It is becoming clear that Russian companies can establish full control over the economies of these countries, which are lagging far behind Russia in economic and industrial development (Belarus, Armenia, Kazakhstan, Tajikistan, Uzbekistan, and Kyrgyzstan). Business control is merely a prelude to political control, and for this reason the satellites preferred not to display doglike devotion." (Ekspress, August 17.)
The press is again blaming Russia for its attempts to make its neighbors dependent on its energy and water resources. "Russia is initiating a project for water supply to the entire Central Asia. It will be a water-and-energy consortium... In other words, in future, the key to the tap for the whole region may land in Moscow's hands." (Zerkalo, August 18.)

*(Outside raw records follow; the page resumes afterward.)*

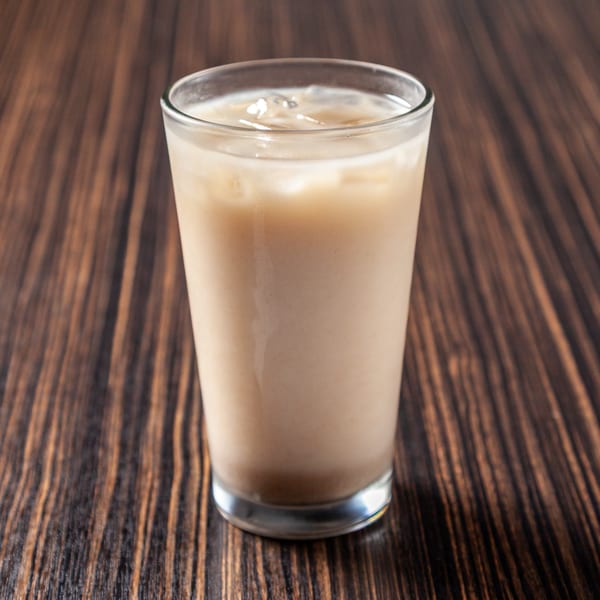 Iced coffee in a clear glass with ice cubes on a dark wooden table.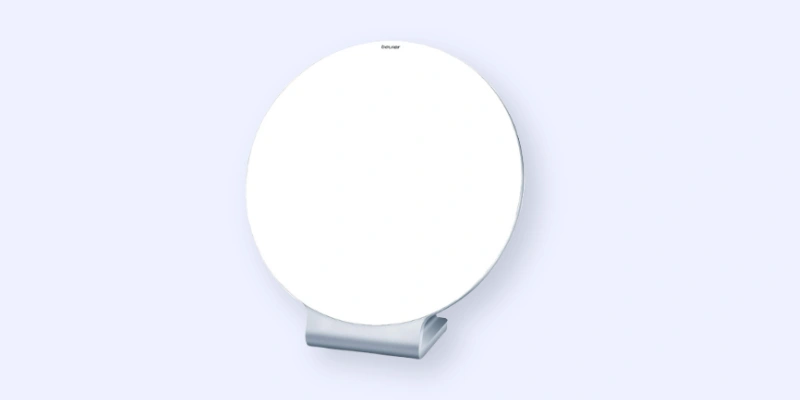 A round, white tabletop mirror with a simple, modern stand, set against a light blue background.
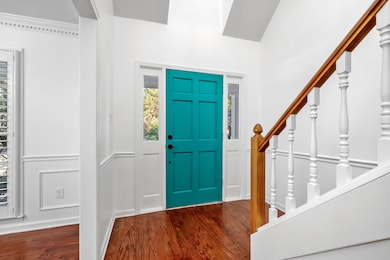 Entryway featuring stairway, dark wood finished floors, and a decorative wall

The press attributes the success of the Sochi summit to the increasing EurAsEc role in the world arena. Even before the summit, experts said that Russia is holding a grievance against the West for the recent failure of the WTO talks and is planning to create an alternative to the WTO on the EurAsEc basis. Judging by all, this is true... "We are not making much progress, and it would be logical for us to move towards unification of tariffs within the EurAsEc framework rather than do nothing," explained Russian presidential assistant Sergey Prikhodko. (EkspressK, August 17.)

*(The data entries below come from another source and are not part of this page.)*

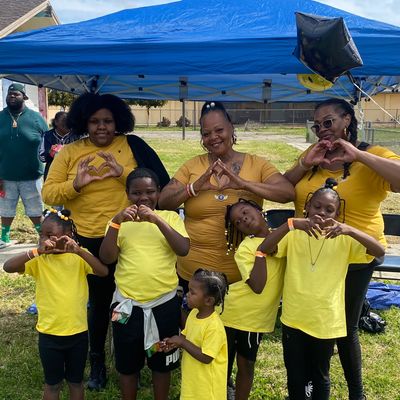Group of smiling people in yellow shirts making heart shapes with their hands outdoors.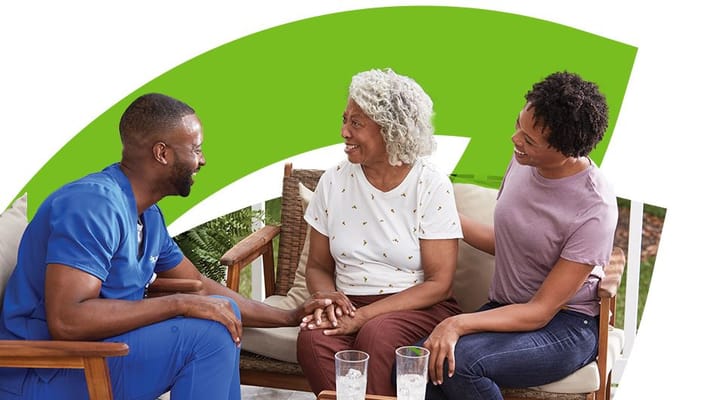Nurse engaging with a resident and family member outdoors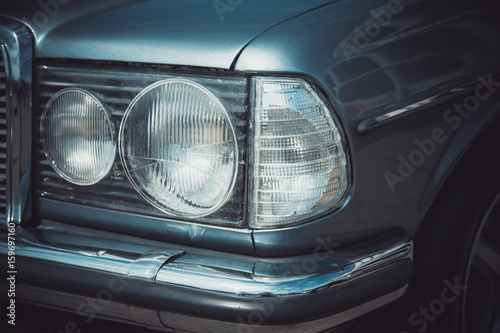Fotografie Headlights and body of an old classic car at an exhibition of vintage cars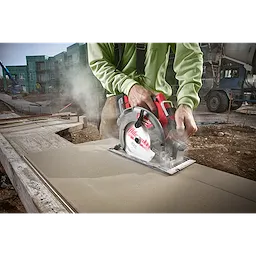Worker cutting fiber cement board with a circular saw equipped with a 7-1/4" PCD/Fiber Cement Circular Saw Blade at a construction site.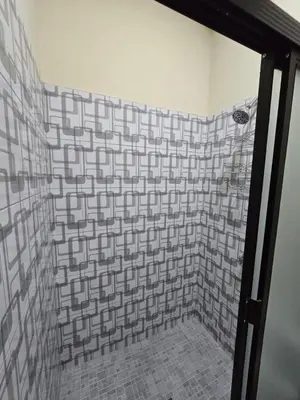 a bathroom with a shower with a tiled wall at The Stone Way Suite in Juayúa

The opposition media are negative about the informal EurAsEc summit in Sochi. "Moscow is pegging huge hopes on EurAsEc -- after the failure of WTO talks with the U.S. Russia badly needs to create an economic counterweight, which would also help curb U.S. economic expansion in the post-Soviet space. In this context, the Eurasian Community is the most logical choice." (Obshchestvennyi reiting, August 16.)
The press is writing about Russia's attempts to prevent the republic's cooperation with the West. "Russia is trying to persuade Kyrgyzstan not to join the HIPC (Heavily Indebted Poor Countries) program under the aegis of the IMF and the World Bank. It reasons that this program will deprive Kyrgyzstan of its sovereignty, and make it fully dependent on the U.S. But in exchange, Moscow cannot offer anything else but dependence on Russia." (Obshchestvennyi reiting, August 16.)
TAJIKISTANAnalysts are writing about Moscow's attempts to build up its economic and energy potential at the expense of its Asian neighbors. "Having a grievance against the West for the recent failure of the WTO talks, Moscow intends to come up with its own alternative to this organization. To achieve this, the Kremlin should put the squeeze on its loyal partners, persuade the hesitant ones to distance themselves from the U.S., and make both dependent on energy and water supplies... During preparations for the informal summit Russia had already demonstrated its version of EurAsEc economic integration. Initially, friendly adjacent states will become more dependent on Moscow (of their own free will); furthermore, Moscow will increase its pressure on resisting nations; and eventually it will reach out to the countries which it has not dealt with before. By tradition, energy will be Moscow's trump card." (Fakty i kommentarii, August 17.)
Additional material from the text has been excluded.